His therapist kept saying that depression was rage turned inward. I started to think about whether rage really existed at that point if it did not show its ugly eye. Was this a transformation?  Sometimes I surprise myself with my feelings. “Where did that come from,” I think? I thought that I was a nice guy and then I thought that!

In my reading of the Torah today, I came across a section when the Lord tells the Jews that if they follow his laws they will defeat all armies and slay all beasts.

It is hard to believe that the Jews were so gullible. Rather I think a better reading is that, in the same way that rage and depression are interconnected, so are our external and internal threats. If we do the right thing perhaps our internal enemies and beasts will be slain.

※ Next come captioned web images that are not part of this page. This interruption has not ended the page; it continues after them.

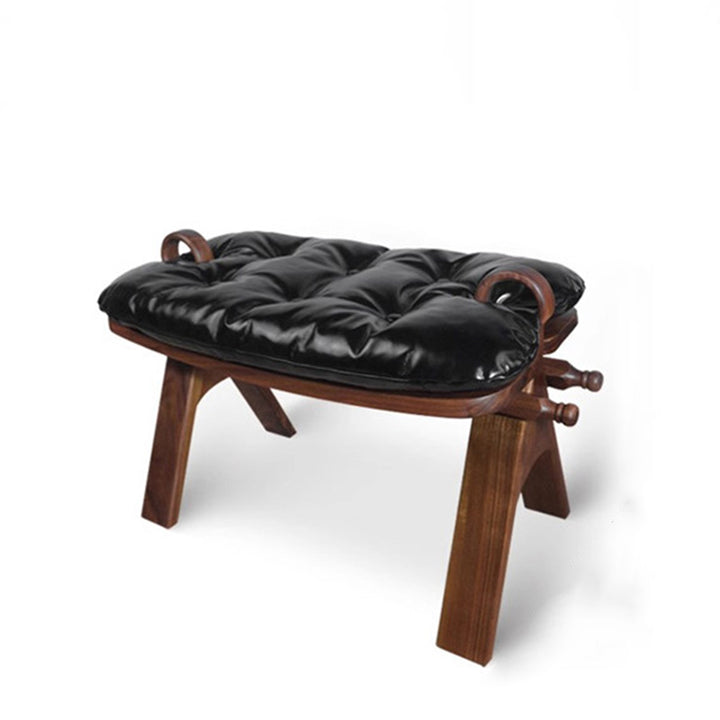 Contemporary Retro Top Grain Leather Curved Rectangular Low Stool With Solid Wood Base For Bedroom &amp; Living Room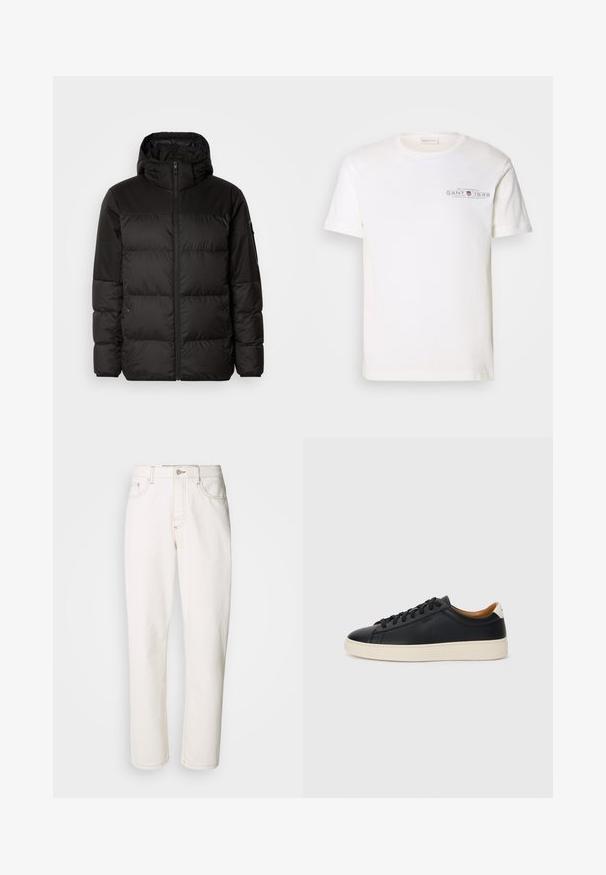 Black puffer jacket features a zip closure, a hood, quilted sections, and elastic cuffs, made from a smooth, water-resistant material.; White cotton t-shirt with a crew neck, short sleeves, and a printed logo. Features minimalist design and relaxed fit.; White denim jeans with a straight leg design, featuring stitched seams, a metal button closure, and standard five-pocket construction.; Black leather sneakers with a smooth texture, beige rubber sole, lace-up design, and a contrasting heel accent.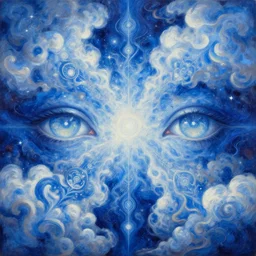 blue and white clouds oil painting of abstract surrealist forms by yvonne mcgillivray by mandy jurgens by michael divine, powerful eyes glowing highly detailed painting, spiritual abstract forms, symmetrical, trending on art station, abstract emotional, very beautiful, fantasy digital art, highly detailed patterned visionary art, magic symbols, by michael divine, cosmic nebula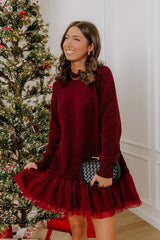 Upper East Chic Knit Sweater Mini Dress in Merlot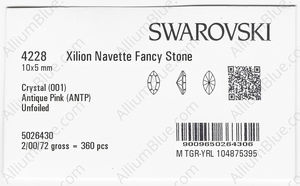 SWAROVSKI 4228 10X5MM CRYSTAL ANTIQUPINK factory pack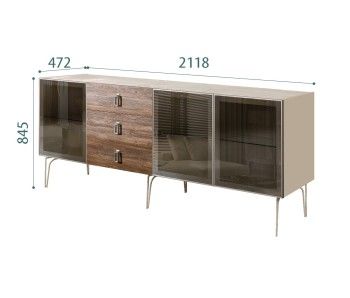 Комод 2.1м Bogemia Wood Fa (Ваниль) (Novabuk/Хром) БМКМ-5(Wo)[5]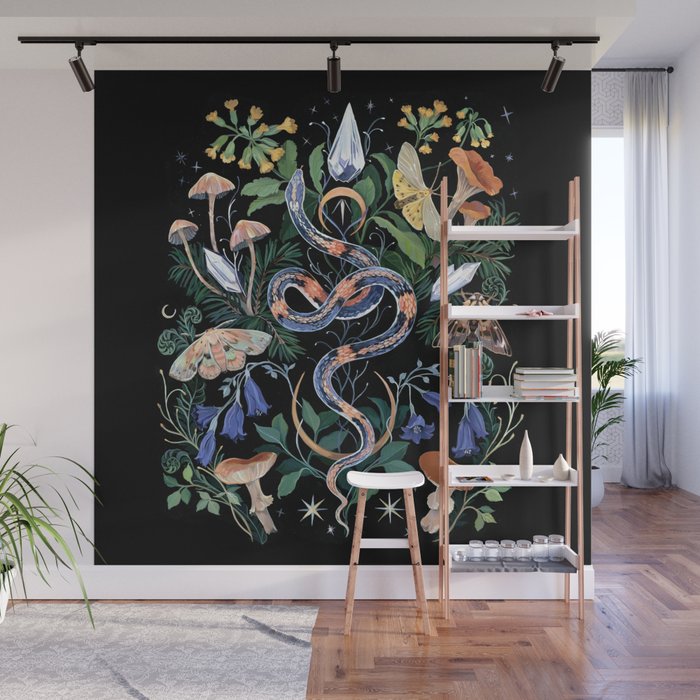 Mushroom Snake Crystals Garden Wall Mural Gallery Image 1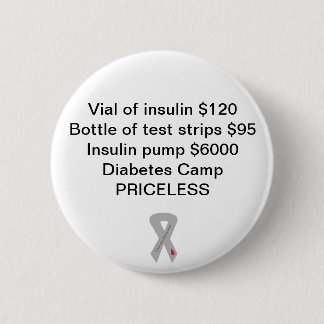 Badge Rond 5 Cm Camp de diabète = inestimable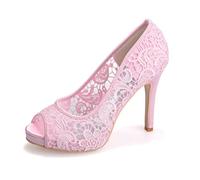 XIUWOUG Bridal Wedding Shoes Women Peep Toe Lace Slip On Dress Shoes High Heel Wedding Shoes Mother of The Bride Shoes,Pink,8.5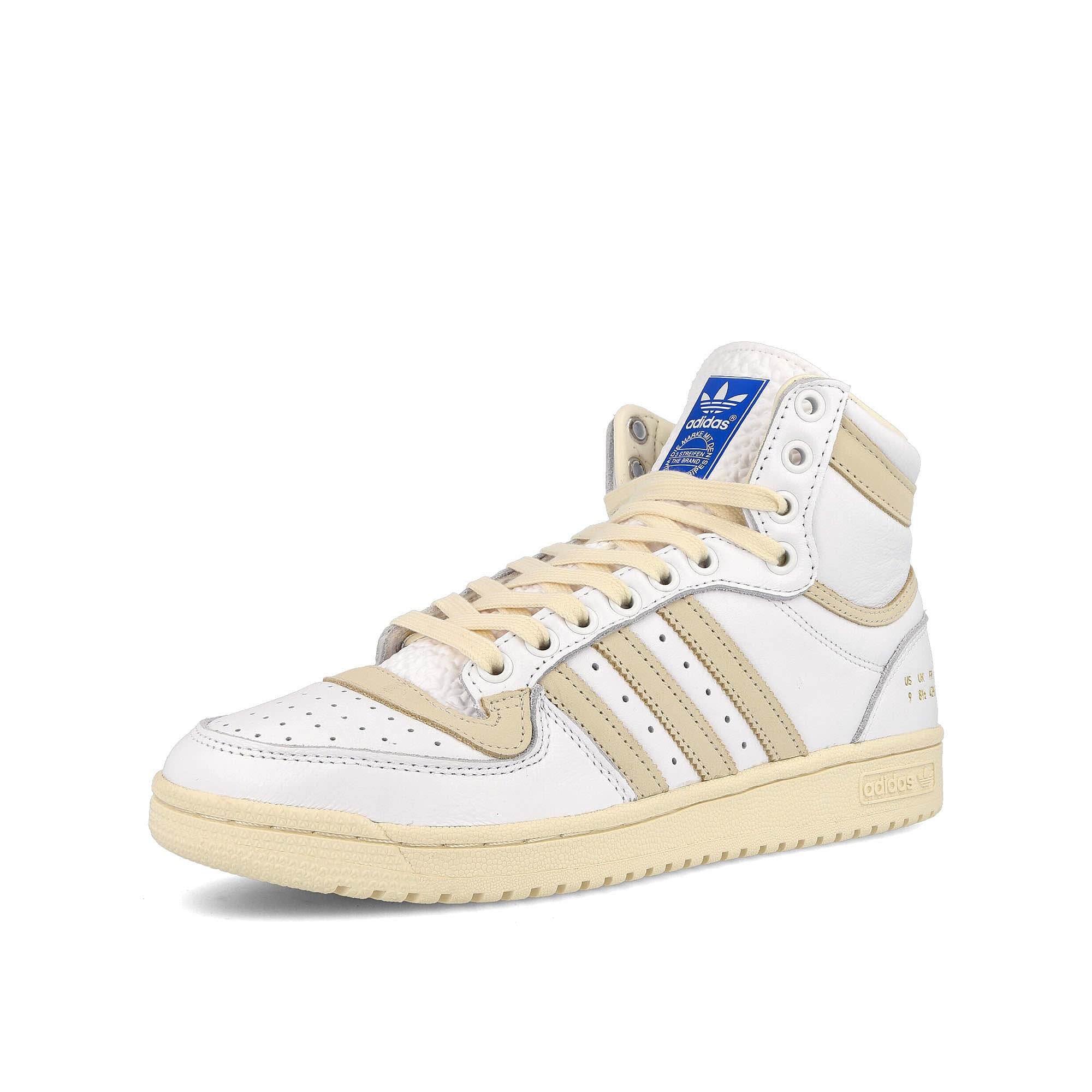 adidas top ten Footwear White-Cream White-Blue Bird Sneakers Close Up | Overkill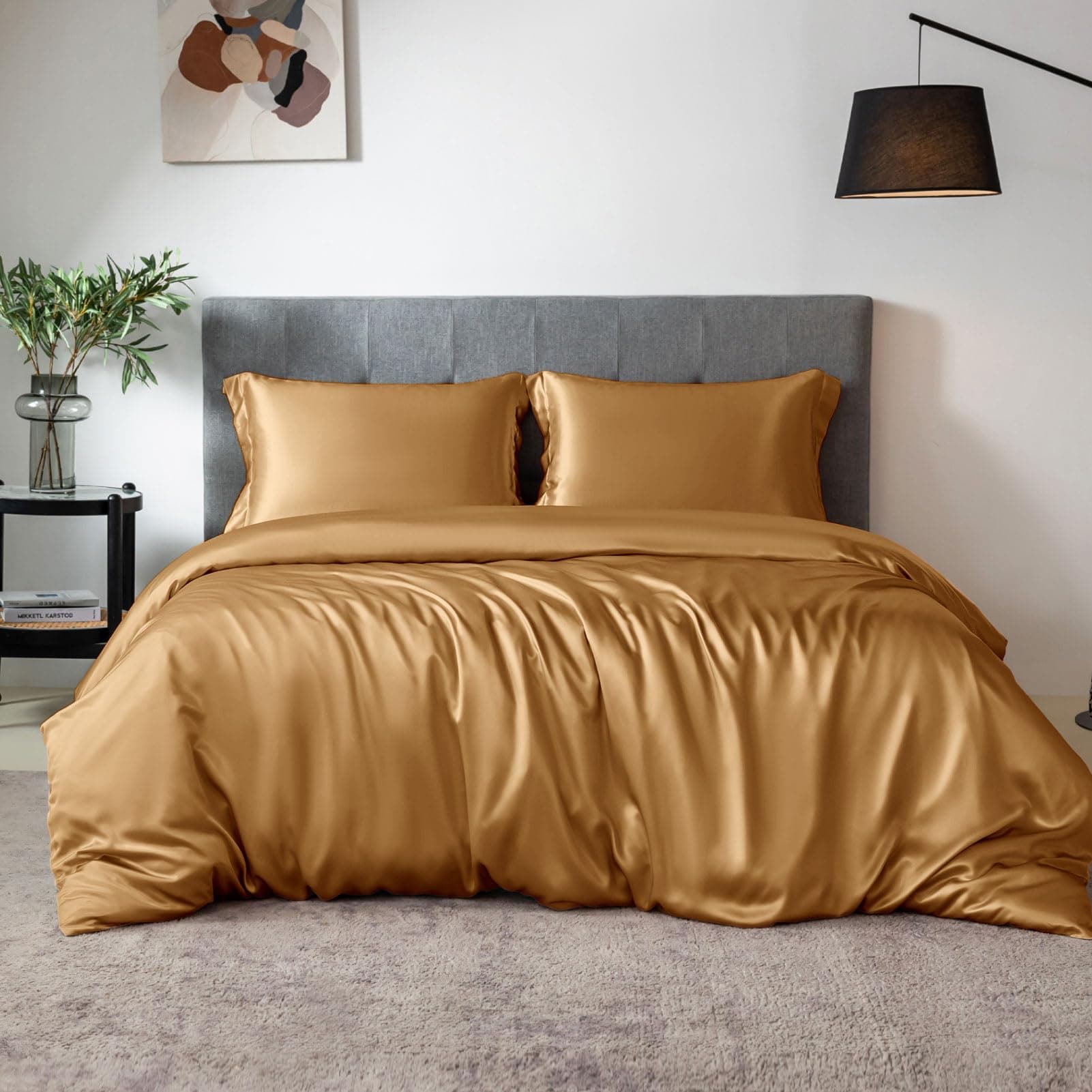 THXSILK Juego de sábanas de seda 100% Queen, 7A+ (metallic gold) W01W08410Q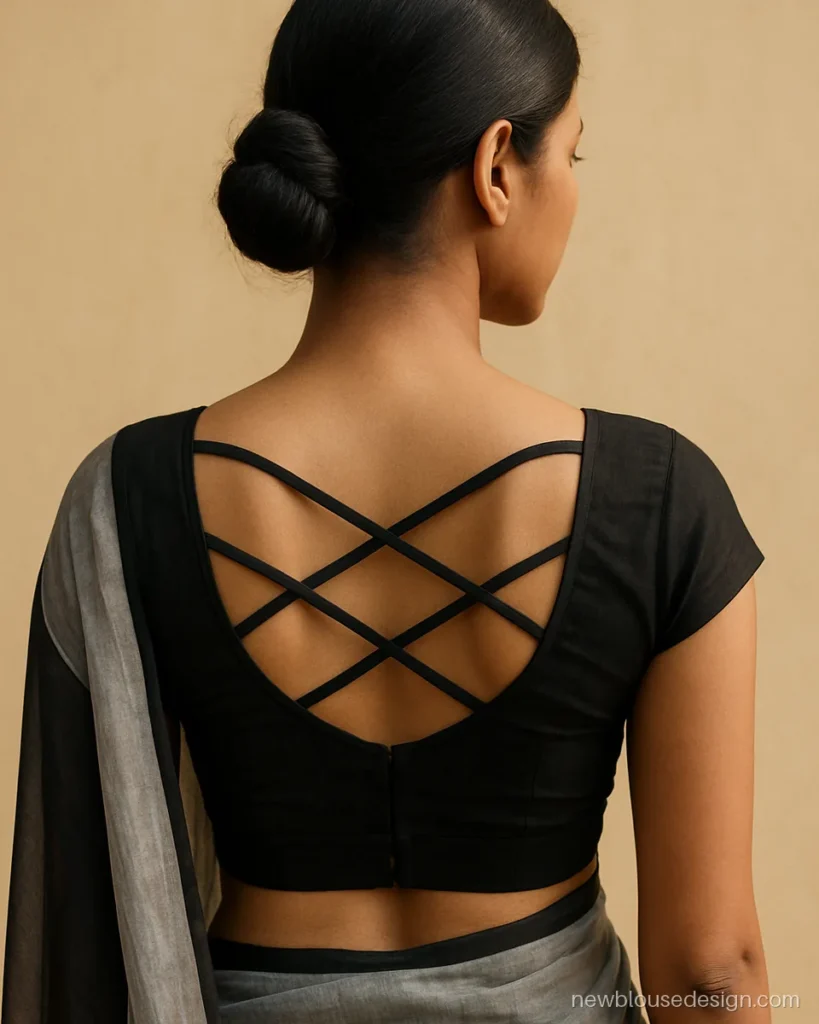 Black chiffon blouse back with criss-cross straps and a lower band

When we look in a mirror we see ourselves.  If we are five feet from the mirror it will appear that we are ten feet away. We form a connection to the illusion in the mirror, perhaps in a similar way to the connection of rage and depression, or the connection of our external and internal enemies.

We live in two universes. One we create and nurture. The other and bigger one (?), does what it does, presenting us with continual challenges and gifts.

I wrote about this also in another of my blogs: http://kenshinsbarmitzvah.blogspot.com/2014/09/parshat-bechukotai-2nd-portion.html

Who's in the world?

Xiushan said, "What can you do about the world?" Dizang said, "What do you call the world?"